Write a PairwiseAlignments object to a file

Description

The writePairwiseAlignments function writes a PairwiseAlignments object to a file. Only the "pair" format is supported at the moment.

Usage

writePairwiseAlignments(x, file="", Matrix=NA, block.width=50)

Arguments

x

A PairwiseAlignments object, typically returned by the pairwiseAlignment function.

file

A connection, or a character string naming the file to print to. If "" (the default), writePairwiseAlignments prints to the standard output connection (aka the console) unless redirected by sink. If it is "|cmd", the output is piped to the command given by cmd, by opening a pipe connection.

Matrix

A single string containing the name of the substitution matrix (e.g. "BLOSUM50") used for the alignment. See the substitutionMatrix argument of the pairwiseAlignment function for the details. See ?substitution_matrices for a list of predefined substitution matrices available in the pwalign package.

block.width

A single integer specifying the maximum number of sequence letters (including the "-" letter, which represents gaps) per line.

Details

The "pair" format is one of the numerous pairwise sequence alignment formats supported by the EMBOSS software. See http://emboss.sourceforge.net/docs/themes/AlignFormats.html for a brief (and rather informal) description of this format.

Value

Nothing (invisible NULL).

Note

This brief description of the "pair" format suggests that it is best suited for global pairwise alignments, because, in that case, the original pattern and subject sequences can be inferred (by just removing the gaps).

However, even though the "pair" format can also be used for non global pairwise alignments (i.e. for global-local, local-global, and local pairwise alignments), in that case the original pattern and subject sequences cannot be inferred. This is because the alignment written to the file doesn't necessarily span the entire pattern (if type(x) is local-global or local) or the entire subject (if type(x) is global-local or local).

As a consequence, the writePairwiseAlignments function can be used on a PairwiseAlignments object x containing non global alignments (i.e. with type(x) != "global"), but with the 2 following caveats:

  1. The type of the alignments (type(x)) is not written to the file.

  2. The original pattern and subject sequences cannot be inferred. Furthermore, there is no way to infer their lengths (because we don't know whether they were trimmed or not).

Also note that the pairwiseAlignment function interprets the gapOpening and gapExtension arguments differently than most other alignment tools. As a consequence the values of the Gap_penalty and Extend_penalty fields written to the file are not the same as the values that were passed to the gapOpening and gapExtension arguments. With the following relationship:

  • Gap_penalty = gapOpening + gapExtension

  • Extend_penalty = gapExtension

Author(s)

H. Pagès

References

http://emboss.sourceforge.net/docs/themes/AlignFormats.html

See Also

Examples

## ---------------------------------------------------------------------
## A. WITH ONE PAIR
## ---------------------------------------------------------------------
pattern <- DNAString("CGTACGTAACGTTCGT")
subject <- DNAString("CGTCGTCGTCCGTAA")
pa1 <- pairwiseAlignment(pattern, subject)
pa1
writePairwiseAlignments(pa1)
writePairwiseAlignments(pa1, block.width=10)
## The 2 bottom-right numbers (16 and 15) are the lengths of
## the original pattern and subject, respectively.

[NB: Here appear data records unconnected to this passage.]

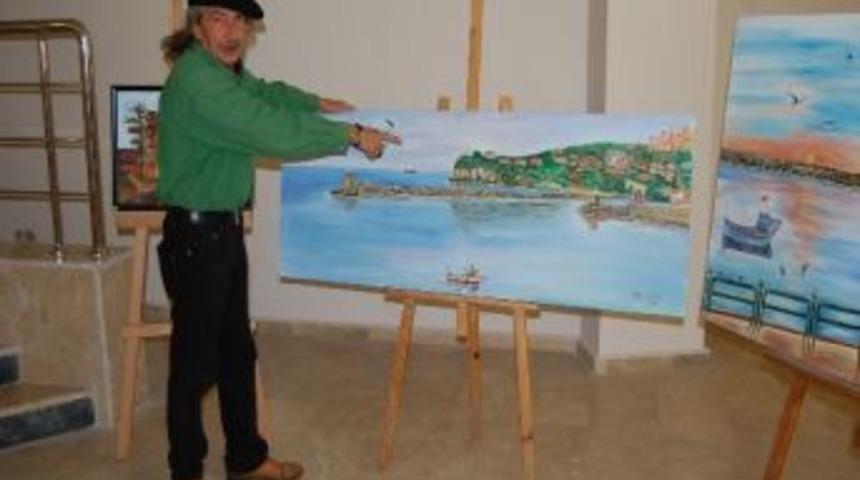 Zonguldak'ın Fenerleri İlham Kaynağı Oldu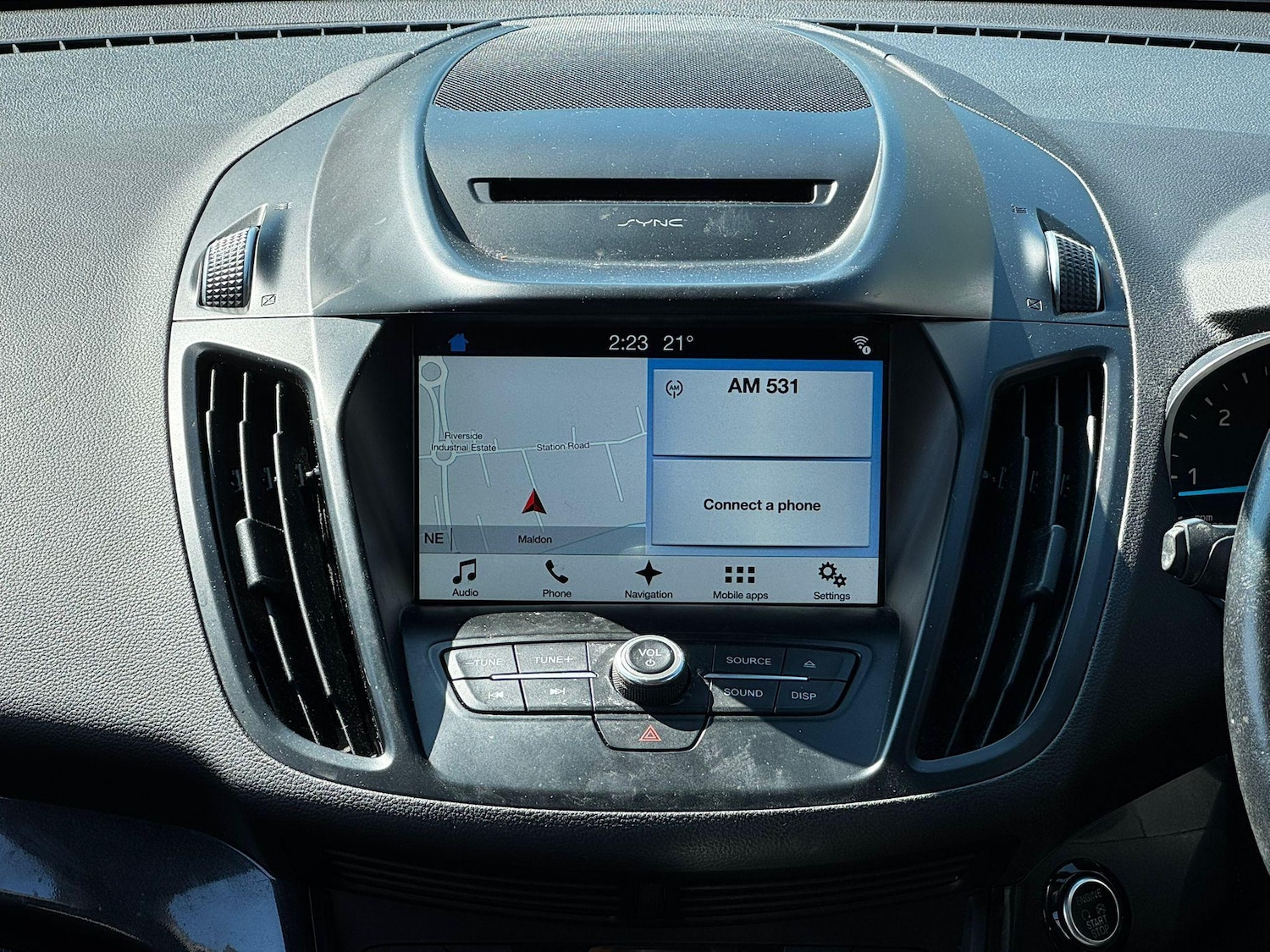 Vehicle 12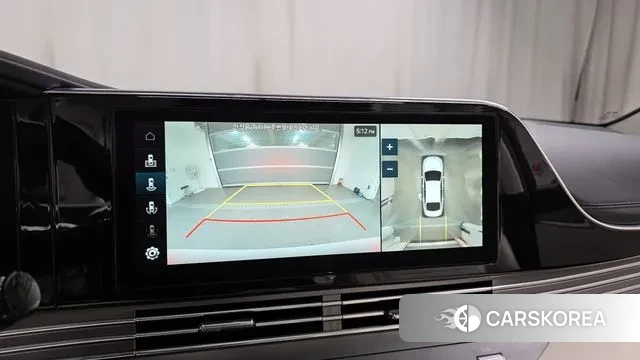 Hyundai The New Grandeur IG 2022 Белый из Кореи, фото 6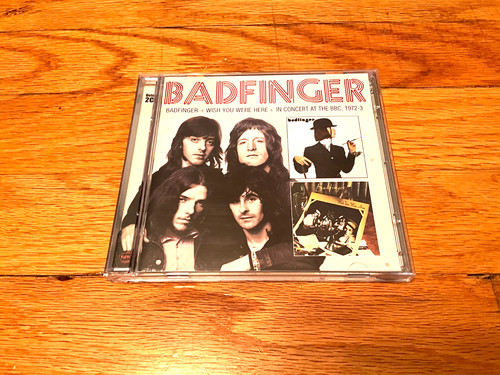 Badfinger wish you - badfinger/wish,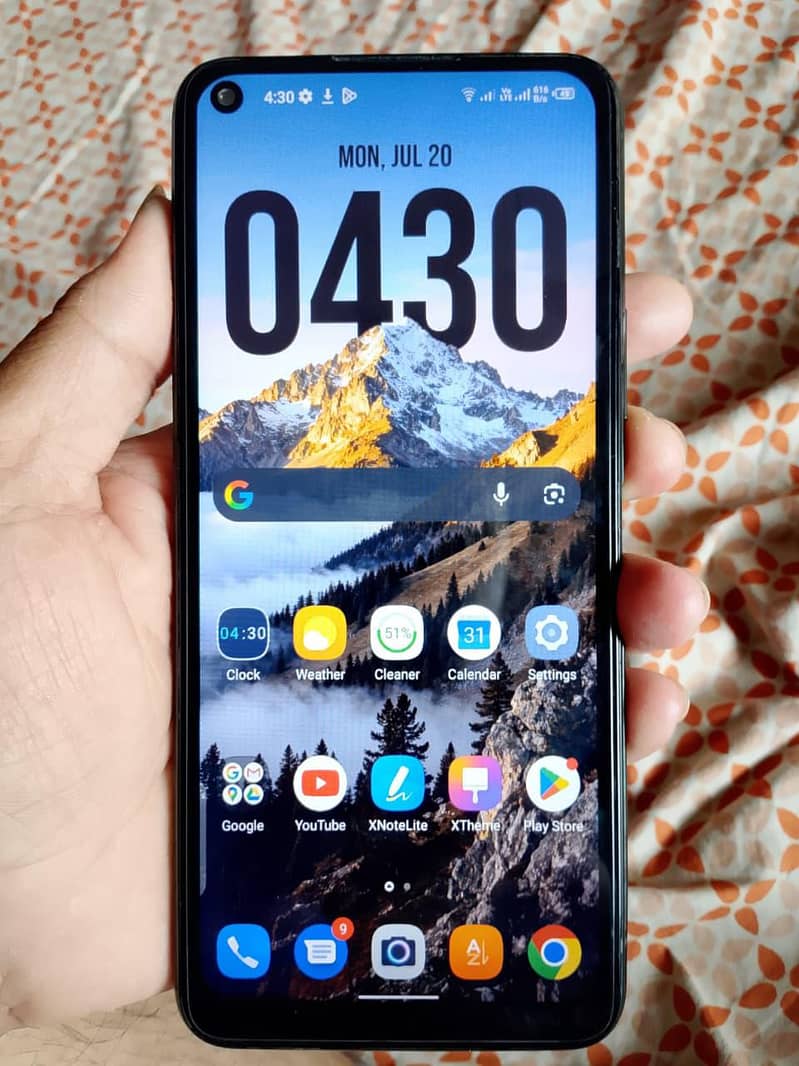 Infinix Note 7 8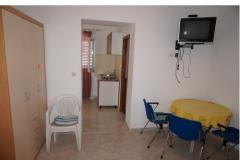 Sunshine Biograd Appartement 3 – studio 1 foto 4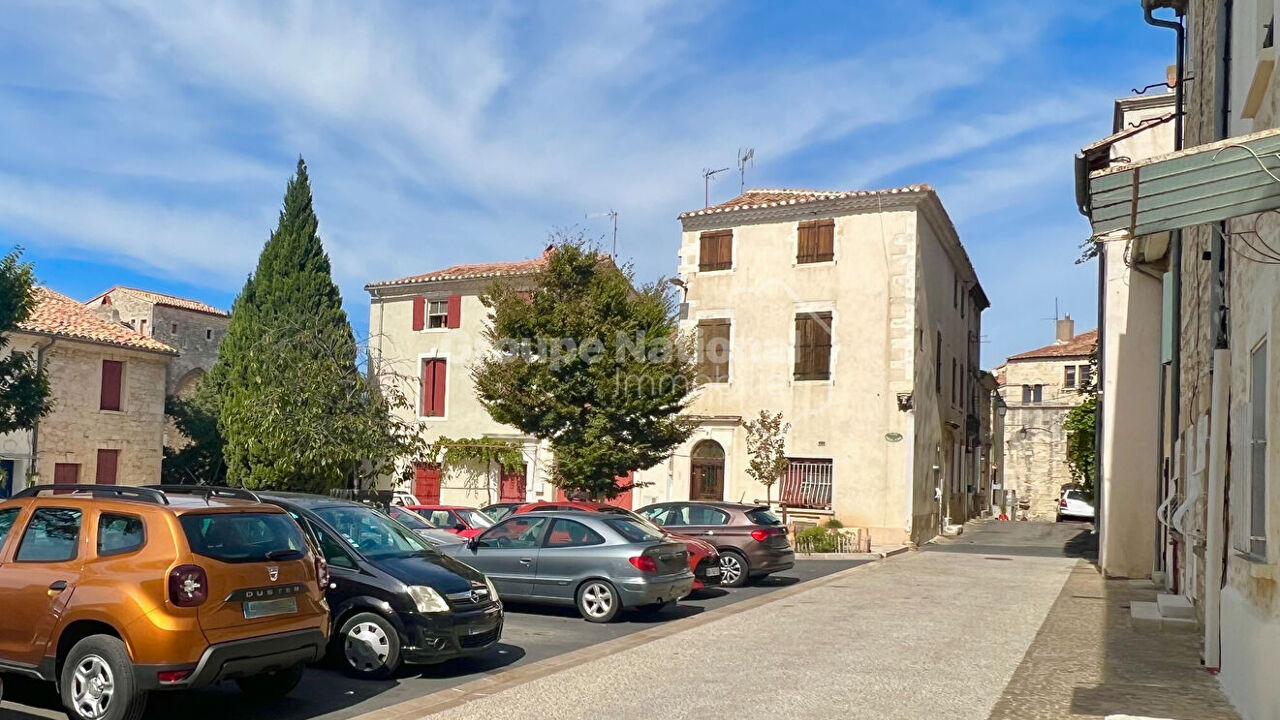 maison 4 pièces 73 m2 à vendre à Saint-Gilles (30800)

pa2 <- pairwiseAlignment(pattern, subject, type="global-local")
pa2  # score is different!
writePairwiseAlignments(pa2)
## By just looking at the file, we can't tell the length of the
## original subject! Could be 13, could be more...

pattern <- DNAString("TCAACTTAACTT")
subject <- DNAString("GGGCAACAACGGG")
pa3 <- pairwiseAlignment(pattern, subject, type="global-local",
                         gapOpening=-2, gapExtension=-1)
writePairwiseAlignments(pa3)

## ---------------------------------------------------------------------
## B. WITH MORE THAN ONE PAIR (AND NAMED PATTERNS)
## ---------------------------------------------------------------------
pattern <- DNAStringSet(c(myp1="ACCA", myp2="ACGCA", myp3="ACGGCA"))
pa4 <- pairwiseAlignment(pattern, subject)
pa4
writePairwiseAlignments(pa4)

## ---------------------------------------------------------------------
## C. REPRODUCING THE ALIGNMENT SHOWN AT
##    http://emboss.sourceforge.net/docs/themes/alnformats/align.pair
## ---------------------------------------------------------------------
pattern <- c("TSPASIRPPAGPSSRPAMVSSRRTRPSPPGPRRPTGRPCCSAAPRRPQAT",
             "GGWKTCSGTCTTSTSTRHRGRSGWSARTTTAACLRASRKSMRAACSRSAG",
             "SRPNRFAPTLMSSCITSTTGPPAWAGDRSHE")
subject <- c("TSPASIRPPAGPSSRRPSPPGPRRPTGRPCCSAAPRRPQATGGWKTCSGT",
             "CTTSTSTRHRGRSGWRASRKSMRAACSRSAGSRPNRFAPTLMSSCITSTT",
             "GPPAWAGDRSHE")
pattern <- unlist(AAStringSet(pattern))
subject <- unlist(AAStringSet(subject))
pattern  # original pattern
subject  # original subject
data(BLOSUM62)
pa5 <- pairwiseAlignment(pattern, subject,
                         substitutionMatrix=BLOSUM62,
                         gapOpening=9.5, gapExtension=0.5)
pa5
writePairwiseAlignments(pa5, Matrix="BLOSUM62")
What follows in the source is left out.